Accessing your apps with SSH

The Cloud Foundry Command Line Interface (cf CLI) lets you securely log in to remote host virtual machines (VMs) running VMware Tanzu Application Service for VMs (TAS for VMs) app instances. The commands that activate SSH access to apps, and activate, deactivate, and verify permissions for such access are described here.

Important The cf ssh command in cf CLI v7+ include the all_proxy environment variable, which allows you to specify a proxy server to activate proxying for all requests. For more information, see ssh in the Cloud Foundry CLI Reference Guide and Use SOCKS5 with cf v3-ssh in Using the cf CLI with a proxy server.

The cf CLI looks up the app_ssh_oauth_client identifier in the Cloud Controller /v2/info endpoint, and uses this identifier to query the UAA server for an SSH authorization code. On the target VM side, the SSH proxy contacts the Cloud Controller through the app_ssh_endpoint listed in /v2/info to confirm permission for SSH access.

App SSH commands

cf CLI command	Purpose
`cf enable-ssh` `cf disable-ssh` `cf allow-space-ssh` `cf disallow-space-ssh`	Activate and deactivate SSH access
`cf ssh-enabled` `cf space-ssh-allowed`	Verify SSH access permissions
`cf ssh`	Log in to an application container with cf SSH
`cf ssh-code`	App SSH access without cf CLI using non-`cf SSH` tools like `ssh`, `scp`, and `sftp`

Activate and deactivate SSH access

A cloud operator can deploy TAS for VMs to either allow or prohibit app SSH across the entire deployment. For more information, see Configuring SSH Access for TAS for VMs.

Within a deployment that permits SSH access to apps, Space Developers can activate or deactivate SSH access to individual apps, and Space Managers can activate or deactivate SSH access to all apps running within a space.

You must restart your app after enabling SSH access.

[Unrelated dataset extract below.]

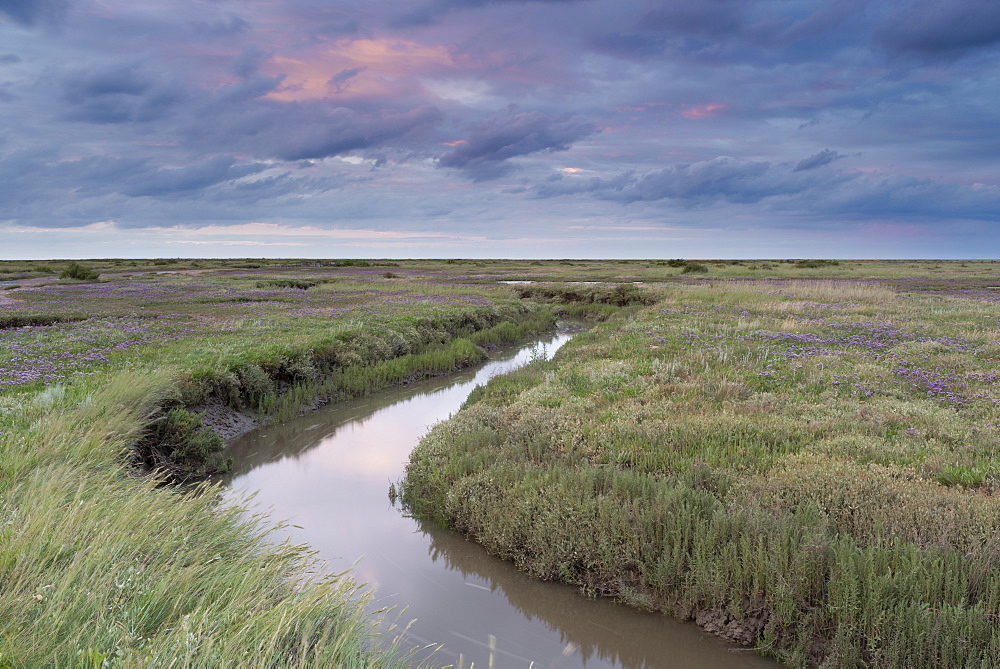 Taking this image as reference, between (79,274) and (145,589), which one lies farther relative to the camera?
(79,274)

Configuring SSH access at the app level

cf enable-ssh activates SSH access to all instances of an app:

$ cf enable-ssh MY-AWESOME-APP

cf disable-ssh deactivates SSH access to all instances of an app:

$ cf disable-ssh MY-AWESOME-APP

Configuring SSH access at the space level

cf allow-space-ssh allows SSH access into all apps in a space:

$ cf allow-space-ssh SPACE-NAME

cf disallow-space-ssh disallows SSH access into all apps in a space:

$ cf disallow-space-ssh SPACE-NAME

Verify SSH permissions

cf ssh-enabled verifies whether an app is accessible with SSH:

$ cf ssh-enabled MY-AWESOME-APP
ssh support is disabled for 'MY-AWESOME-APP'

cf space-ssh-allowed verifies whether all apps running within a space are accessible with SSH:

$ cf space-ssh-allowed SPACE-NAME
ssh support is enabled in space 'SPACE-NAME'

Log in to an application container with cf SSH

If SSH access is allowed at the deployment, space, and app level, you can run the cf ssh APP-NAME command to start an interactive SSH session with a VM hosting an app. By default, the command accesses the container running the first instance of the app, the instance with index 0.

$ cf ssh MY-AWESOME-APP

When logged into a VM hosting an app, you can use tools like the Cloud Foundry Diego Operator Toolkit (CFDOT) to run app status diagnostics. For more information, see How to use Cloud Foundry Diego Operator Toolkit (CFDOT) in the Knowledge Base.

Common cf SSH flags

You can tailor cf ssh commands with the following flags, most of which mimic flags for the UNIX or Linux ssh command. Run the cf ssh --help command for more details.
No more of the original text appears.